(Author's note: I wrestled with this post, or at least, the notions behind it, for a long time. I wanted to get the tone and message just right, and each time I thought I had it, I still wasn't sure it was right. But I'd rather be mostly right than silent; because silence's time is over. I am only speaking for myself in the words that follow.)
The recent events at Michigan, between the raised fist protest by members of the football team and the racially charged flyering, there's been lots of attention paid to where we are as a campus and alumni community at Michigan, part of a larger national conversation. This conversation has no easy answers, because if it did, it would already have taken place. A piece on this topic by MTV News's (and Michigan alumna) Jane Coaston helped me understand that maybe I did have one small thing to add to this conversation.
I'm a 38-year-old white guy from the suburbs. My entire life has been lived in a triangle bounded by Livonia, Ann Arbor, and Cone, Michigan. By any estimation, I have had an incredibly blessed life, one for which I am grateful, though perhaps not always as grateful as I should be. Whatever my anxieties or stresses are, they are not life or death. I do not know the African American experience, nor would I make any claim to understanding it beyond what I have read and what I have heard from listening to people whose opinions I respect discuss it or write about it. But I do feel like an important piece has been, if not missing, at least undervalued, in the discussion of the protests taking place regarding the national anthem. It is in this area is where I feel comfortable, as someone who is well versed in America's history, in making a point.
In the preamble to the United States Constitution, Madison and the other Founders gave their generations and those in their posterity, a mission statement for the United States. We, the People, of the United States, in Order to form a more perfect Union. "More perfect" is a statement of striving, an aspirational goal that says "It's not going to be perfect, but we should try to be better." Immediately following that statement, the Framers provide a list of things that this Constitution seeks to accomplish: establish Justice, insure domestic Tranquility, provide for the common defence, promote the general Welfare, and secure the Blessings of Liberty to ourselves and our Posterity. That "establish Justice" and "insure domestic Tranquility" sit side by side is what gives us pause. Those who are protesting are seeking, in a very oversimplified by me, way, equal protection under the law, something the Constitution would not assure its citizens for nearly 90 years after its ratification by the several States. That the quest for that assurance has, in the minds of some, disrupted domestic tranquility is frustrating or even angering, but it is truly in the best traditions of America's history.
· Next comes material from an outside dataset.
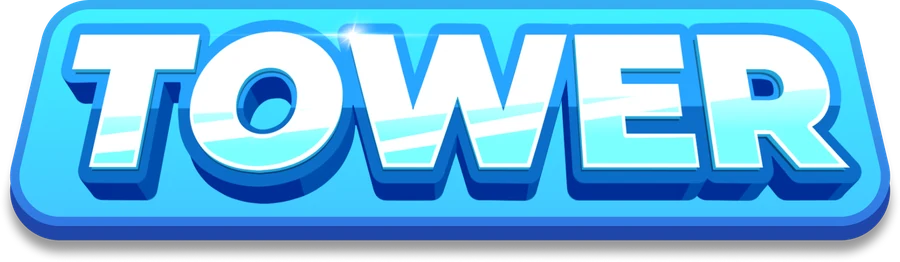 Tower logotyp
One of the heritage narrative themes that runs through America's history, in its telling, is that we are a country founded on dissent and protest. The Puritans were religious dissenters who left England for an errand in the wilderness and resolved to make their colony a "city upon a hill," an example to the rest of the world. When middle-class artisans and upper-class Bostonians felt their way of life being threatened by increased regulation from Britain, they took a series of steps to express their displeasure, culminating in the Boston Tea Party. When men and women alike began to question the role slavery was playing in the United States, they began to write, and write, and write to expose what they saw as a grave injustice, often at great personal or political cost. When women felt they had waited for a half century of empty promises to grant women's suffrage, seeing nothing come of the words but delays and prevarications, they took to the streets and made their case. When African-Americans realized that nearly a century after the Civil War, America was still a segregated society of two classes of citizens, they employed a variety of techniques to make their message heard. All of these moments were, in their time, denounced by the status quo as needless agitations and harmful to the proper order of society. Today, we celebrate these groups as examples what America can do at its best, shine a light on that where we are wrong and through commitment, dedication, and courage, make things better. We strive ever forward towards more perfect, though knowing that while perfect may never be attainable, it is a lofty and worthy goal of a nation that believes in the ideals of liberty, freedom, and equality.
At a university whose motto is "Arts, Knowledge, Truth," we too can seek a better way forward. We can have minds broad enough to embrace positions with seeming contradictions. We can support the players who protest knowing that they understand their beliefs fall firmly between a love of country and a desire to see that country be better. We can believe in the possibilities of a better tomorrow while simultaneously listening to those whose today needs immediate care. We can learn from each other if we listen to each other. If we accept that, well, just maybe, we don't know better than everyone else. If we don't presume motives without asking questions, and if we can use knowledge gleaned from a wide variety of sources, backgrounds, and beliefs, perhaps we can find something closer to the truth.
I'm just one person, with a very tiny platform, if I can use my platform to support the courage of young men who seek to use their athletic gifts to benefit the university I love, and who use their platform to help draw attention to difficult truths worth examining, then I know that we are keeping in the best traditions of the university I love. A university that seeks better tomorrows together, and walks together into that future, one that is hopefully made brighter by the honor, courage, and sacrifice of those who shine a light today.
I thank you for reading, and as always, we fight for better days.